XVIII

veinte años antes de que un grupo de balleneros guipuzcoanos se lance en su persecución en Groenlandia, cuando ni por asomo se le ha pasado por la mente que un día habrá de navegar por las gélidas aguas boreales, el capitán Benjamín Scolum se yergue, solitario, en el castillo de popa de su barco.

Se le ve cansado y taciturno. Ante sus ojos, cada vez más próxima, asoma la silueta de una isla. Su relieve es accidentado y presenta las peculiares formas que le han proporcionado un nombre, ese que hace temblar a cuantos surcan en son de paz las aguas del Caribe: la Tortuga.

Hacia su puerto, una rada bien protegida por arrecifes y cañones, por individuos dispuestos a derramar hasta la última gota de su sangre para rechazar cualquier ataque, se dirige el bajel, que retorna tras una larga singladura.

La tripulación se prepara para efectuar las maniobras de acercamiento. Todos ansían tocar puerto, abandonar aquel navío maloliente y pisar tierra en ese lugar repleto de promesas. Besos y ron a cambio de dinero.

Ajeno a las tribulaciones de sus hombres, indiferente a cuanto le rodea, Scolum intenta mantenerse a flote entre la marejada de sentimientos contrapuestos que amenaza con hacer zozobrar el buque de su alma. Sabe que ese viaje va a marcar un antes y un después en su existencia, que algo ha cambiado para siempre en su interior. A bordo, enclaustrada en su cámara para protegerla del mundo feroz que la rodea, para ponerla a salvo de sus propios celos, lleva una joya mil veces más valiosa que cualquier esmeralda: esa muchacha que el mar ha tenido a bien poner en su camino.

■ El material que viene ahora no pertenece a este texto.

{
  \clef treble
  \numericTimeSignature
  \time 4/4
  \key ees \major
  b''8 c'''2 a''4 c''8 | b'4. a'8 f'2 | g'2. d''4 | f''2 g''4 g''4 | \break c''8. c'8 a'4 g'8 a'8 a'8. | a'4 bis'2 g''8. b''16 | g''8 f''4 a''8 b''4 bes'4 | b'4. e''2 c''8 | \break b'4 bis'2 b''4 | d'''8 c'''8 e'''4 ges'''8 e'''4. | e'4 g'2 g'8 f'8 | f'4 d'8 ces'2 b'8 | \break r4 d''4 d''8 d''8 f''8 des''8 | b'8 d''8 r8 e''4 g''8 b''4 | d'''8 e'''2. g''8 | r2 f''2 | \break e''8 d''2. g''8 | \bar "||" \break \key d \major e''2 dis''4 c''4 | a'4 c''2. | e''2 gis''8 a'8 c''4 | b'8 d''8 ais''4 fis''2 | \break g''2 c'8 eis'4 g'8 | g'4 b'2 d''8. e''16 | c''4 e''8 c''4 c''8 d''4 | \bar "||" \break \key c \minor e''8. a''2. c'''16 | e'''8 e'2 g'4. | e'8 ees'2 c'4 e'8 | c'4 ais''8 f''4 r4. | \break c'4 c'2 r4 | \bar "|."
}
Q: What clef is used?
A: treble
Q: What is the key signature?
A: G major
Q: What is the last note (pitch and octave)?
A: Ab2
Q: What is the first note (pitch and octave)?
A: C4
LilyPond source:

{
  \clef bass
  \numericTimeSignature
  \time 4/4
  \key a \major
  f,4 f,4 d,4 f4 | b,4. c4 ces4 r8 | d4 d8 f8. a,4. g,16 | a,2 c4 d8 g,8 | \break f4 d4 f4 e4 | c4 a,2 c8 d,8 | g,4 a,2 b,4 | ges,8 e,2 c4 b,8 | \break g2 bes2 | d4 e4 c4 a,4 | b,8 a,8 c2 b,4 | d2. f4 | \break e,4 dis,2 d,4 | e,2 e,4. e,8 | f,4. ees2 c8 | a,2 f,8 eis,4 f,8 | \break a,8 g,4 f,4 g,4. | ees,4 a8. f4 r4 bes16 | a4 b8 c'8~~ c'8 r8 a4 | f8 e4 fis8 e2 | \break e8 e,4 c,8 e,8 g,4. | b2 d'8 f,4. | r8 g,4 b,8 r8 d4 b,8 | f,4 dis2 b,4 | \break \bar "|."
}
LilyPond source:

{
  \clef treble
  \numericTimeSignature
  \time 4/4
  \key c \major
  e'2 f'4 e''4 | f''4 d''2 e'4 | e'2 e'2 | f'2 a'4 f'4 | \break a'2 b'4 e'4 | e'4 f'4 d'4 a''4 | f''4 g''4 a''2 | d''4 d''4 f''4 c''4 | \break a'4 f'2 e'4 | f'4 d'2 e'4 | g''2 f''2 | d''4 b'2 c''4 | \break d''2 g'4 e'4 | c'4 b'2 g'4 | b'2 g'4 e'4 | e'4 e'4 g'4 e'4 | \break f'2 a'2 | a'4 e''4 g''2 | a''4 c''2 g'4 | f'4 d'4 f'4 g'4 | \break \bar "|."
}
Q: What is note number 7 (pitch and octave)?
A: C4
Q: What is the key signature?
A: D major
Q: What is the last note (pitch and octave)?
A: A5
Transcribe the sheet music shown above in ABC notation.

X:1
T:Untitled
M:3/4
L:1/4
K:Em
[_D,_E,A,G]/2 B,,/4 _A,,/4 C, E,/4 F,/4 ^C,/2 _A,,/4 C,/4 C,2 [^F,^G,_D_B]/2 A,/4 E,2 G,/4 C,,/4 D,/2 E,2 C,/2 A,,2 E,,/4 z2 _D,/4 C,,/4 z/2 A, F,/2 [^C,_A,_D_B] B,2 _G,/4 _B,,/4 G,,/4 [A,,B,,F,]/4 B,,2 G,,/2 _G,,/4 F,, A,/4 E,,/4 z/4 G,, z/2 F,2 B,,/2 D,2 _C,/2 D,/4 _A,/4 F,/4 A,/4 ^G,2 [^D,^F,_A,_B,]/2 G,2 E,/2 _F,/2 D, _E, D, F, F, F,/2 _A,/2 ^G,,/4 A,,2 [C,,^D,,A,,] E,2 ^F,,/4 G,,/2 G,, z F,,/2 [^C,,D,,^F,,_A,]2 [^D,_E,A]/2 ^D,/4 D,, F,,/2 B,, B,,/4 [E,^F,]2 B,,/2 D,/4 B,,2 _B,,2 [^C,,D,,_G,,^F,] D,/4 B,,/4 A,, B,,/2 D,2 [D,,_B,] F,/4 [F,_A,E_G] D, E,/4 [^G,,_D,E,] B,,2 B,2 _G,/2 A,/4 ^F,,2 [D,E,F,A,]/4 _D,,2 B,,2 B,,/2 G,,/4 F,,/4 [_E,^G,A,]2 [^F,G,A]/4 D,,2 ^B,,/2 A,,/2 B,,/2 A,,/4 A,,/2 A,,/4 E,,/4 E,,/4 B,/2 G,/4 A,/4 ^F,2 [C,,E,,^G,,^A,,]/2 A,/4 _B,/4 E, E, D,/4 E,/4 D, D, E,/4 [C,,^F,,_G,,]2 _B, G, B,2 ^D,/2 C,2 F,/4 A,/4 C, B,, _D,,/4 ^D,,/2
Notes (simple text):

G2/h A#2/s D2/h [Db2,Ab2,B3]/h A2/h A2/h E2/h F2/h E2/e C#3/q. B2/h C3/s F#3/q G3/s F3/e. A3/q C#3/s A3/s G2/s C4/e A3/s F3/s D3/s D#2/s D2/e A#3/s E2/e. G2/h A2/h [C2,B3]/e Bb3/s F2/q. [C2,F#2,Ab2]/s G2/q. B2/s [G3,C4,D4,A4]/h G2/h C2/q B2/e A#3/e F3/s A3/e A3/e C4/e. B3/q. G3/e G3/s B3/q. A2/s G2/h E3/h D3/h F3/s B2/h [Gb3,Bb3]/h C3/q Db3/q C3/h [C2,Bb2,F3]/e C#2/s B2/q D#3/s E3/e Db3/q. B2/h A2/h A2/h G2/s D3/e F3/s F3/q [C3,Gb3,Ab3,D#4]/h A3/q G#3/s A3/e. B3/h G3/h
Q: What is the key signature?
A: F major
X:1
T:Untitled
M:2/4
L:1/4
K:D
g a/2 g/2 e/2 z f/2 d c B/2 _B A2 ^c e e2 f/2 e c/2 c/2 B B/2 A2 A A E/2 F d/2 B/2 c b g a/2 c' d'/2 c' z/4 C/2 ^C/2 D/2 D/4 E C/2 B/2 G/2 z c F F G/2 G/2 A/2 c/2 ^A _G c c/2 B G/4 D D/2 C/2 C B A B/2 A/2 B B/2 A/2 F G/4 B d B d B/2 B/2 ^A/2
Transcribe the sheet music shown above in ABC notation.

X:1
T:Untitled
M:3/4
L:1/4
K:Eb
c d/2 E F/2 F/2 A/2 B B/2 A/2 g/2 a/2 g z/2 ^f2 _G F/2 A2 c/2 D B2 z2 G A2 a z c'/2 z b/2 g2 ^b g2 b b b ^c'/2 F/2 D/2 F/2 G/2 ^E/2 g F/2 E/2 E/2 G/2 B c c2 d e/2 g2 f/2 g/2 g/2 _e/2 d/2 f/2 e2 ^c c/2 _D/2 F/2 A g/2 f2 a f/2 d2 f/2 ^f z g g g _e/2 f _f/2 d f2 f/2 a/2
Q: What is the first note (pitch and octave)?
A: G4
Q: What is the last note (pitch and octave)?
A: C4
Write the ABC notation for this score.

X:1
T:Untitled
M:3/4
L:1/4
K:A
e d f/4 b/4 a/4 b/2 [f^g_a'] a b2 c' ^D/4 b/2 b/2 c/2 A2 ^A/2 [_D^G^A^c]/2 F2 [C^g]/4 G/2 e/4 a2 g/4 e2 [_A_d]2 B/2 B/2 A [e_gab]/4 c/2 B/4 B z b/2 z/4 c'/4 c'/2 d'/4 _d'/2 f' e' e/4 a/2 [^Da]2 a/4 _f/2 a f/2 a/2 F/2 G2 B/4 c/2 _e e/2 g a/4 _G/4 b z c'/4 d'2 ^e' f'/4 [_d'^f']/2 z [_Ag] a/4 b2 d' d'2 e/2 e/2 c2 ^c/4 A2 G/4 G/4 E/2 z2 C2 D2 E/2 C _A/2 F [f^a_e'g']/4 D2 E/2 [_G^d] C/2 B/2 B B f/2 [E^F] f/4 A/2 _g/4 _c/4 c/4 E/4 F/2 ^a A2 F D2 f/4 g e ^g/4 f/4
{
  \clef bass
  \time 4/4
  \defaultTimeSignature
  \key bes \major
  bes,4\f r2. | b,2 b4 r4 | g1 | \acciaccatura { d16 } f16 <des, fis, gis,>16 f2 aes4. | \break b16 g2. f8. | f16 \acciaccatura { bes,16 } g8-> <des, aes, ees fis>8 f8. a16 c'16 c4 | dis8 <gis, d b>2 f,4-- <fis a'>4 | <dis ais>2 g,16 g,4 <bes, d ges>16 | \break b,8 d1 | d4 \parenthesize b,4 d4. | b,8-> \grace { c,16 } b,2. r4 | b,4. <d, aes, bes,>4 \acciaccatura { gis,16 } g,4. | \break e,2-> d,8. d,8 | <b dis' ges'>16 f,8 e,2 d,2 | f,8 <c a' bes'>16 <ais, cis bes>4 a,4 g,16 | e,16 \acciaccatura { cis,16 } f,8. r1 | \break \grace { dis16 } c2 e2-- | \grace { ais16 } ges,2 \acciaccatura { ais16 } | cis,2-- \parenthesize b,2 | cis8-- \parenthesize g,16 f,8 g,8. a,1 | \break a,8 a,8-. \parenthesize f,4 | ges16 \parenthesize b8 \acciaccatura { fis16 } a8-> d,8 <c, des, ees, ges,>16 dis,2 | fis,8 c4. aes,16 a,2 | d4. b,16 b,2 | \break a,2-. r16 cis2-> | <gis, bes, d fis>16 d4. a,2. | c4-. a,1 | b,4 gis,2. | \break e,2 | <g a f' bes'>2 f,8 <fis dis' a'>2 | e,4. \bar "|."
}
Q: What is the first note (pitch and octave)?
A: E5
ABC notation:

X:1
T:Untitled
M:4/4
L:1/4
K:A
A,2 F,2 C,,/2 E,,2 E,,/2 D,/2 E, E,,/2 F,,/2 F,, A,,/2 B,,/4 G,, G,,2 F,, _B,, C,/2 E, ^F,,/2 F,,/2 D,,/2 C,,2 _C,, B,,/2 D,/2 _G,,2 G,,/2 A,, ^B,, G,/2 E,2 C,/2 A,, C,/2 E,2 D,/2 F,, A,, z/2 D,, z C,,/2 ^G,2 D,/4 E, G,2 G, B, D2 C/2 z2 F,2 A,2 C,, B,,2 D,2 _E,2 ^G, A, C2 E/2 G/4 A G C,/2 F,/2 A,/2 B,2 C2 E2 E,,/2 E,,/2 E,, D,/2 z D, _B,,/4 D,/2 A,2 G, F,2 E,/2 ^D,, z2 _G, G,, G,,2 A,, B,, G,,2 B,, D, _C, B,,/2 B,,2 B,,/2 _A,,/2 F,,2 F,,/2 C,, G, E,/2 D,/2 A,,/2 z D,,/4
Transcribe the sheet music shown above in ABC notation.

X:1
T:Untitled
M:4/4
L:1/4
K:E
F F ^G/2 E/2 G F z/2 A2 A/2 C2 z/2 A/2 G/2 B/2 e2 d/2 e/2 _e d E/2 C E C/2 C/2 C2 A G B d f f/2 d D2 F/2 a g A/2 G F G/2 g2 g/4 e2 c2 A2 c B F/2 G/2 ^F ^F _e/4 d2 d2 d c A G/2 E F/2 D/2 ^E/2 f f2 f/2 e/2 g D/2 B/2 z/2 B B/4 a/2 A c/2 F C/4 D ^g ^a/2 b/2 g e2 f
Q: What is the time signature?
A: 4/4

Mientras el galeón se aproxima despacio a los bajíos, el capitán piensa en ese refugio de piratas hacia el que se dirige. Allí, al margen de cualquier ley, de cualquier credo, ha arrojado el destino a gentes de muy diversas procedencias. Algunos eran hombres honrados a quienes la guerra, la miseria o la opresión expulsaron de sus tierras. Otros, él mismo, por ejemplo, constituyen la hez de los océanos, sujetos sin escrúpulos que eligieron vivir al margen de sus congéneres, sin rey, ni dios, ni patria, ni bandera; alimañas sedientas de alcohol y de placer que, tras cada nueva singladura, recalan en la Tortuga para dilapidar a manos llenas el botín obtenido; tipos que matarían sin dudarlo por una onza de plata, por el beso de una joven hermosa.

Es por eso, para evitar peleas fratricidas, por lo que se prohíbe que haya mujeres europeas en la isla. Tan solo se permiten las negras o las indias, las rameras que pueblan los tugurios a los que acuden, cuando arriban a puerto, cientos de filibusteros que, sabedores de que su vida será corta, de que quizá el próximo viaje sea el último, se arrojan de cabeza a una vorágine de desenfreno antes de volver a hacerse a la mar.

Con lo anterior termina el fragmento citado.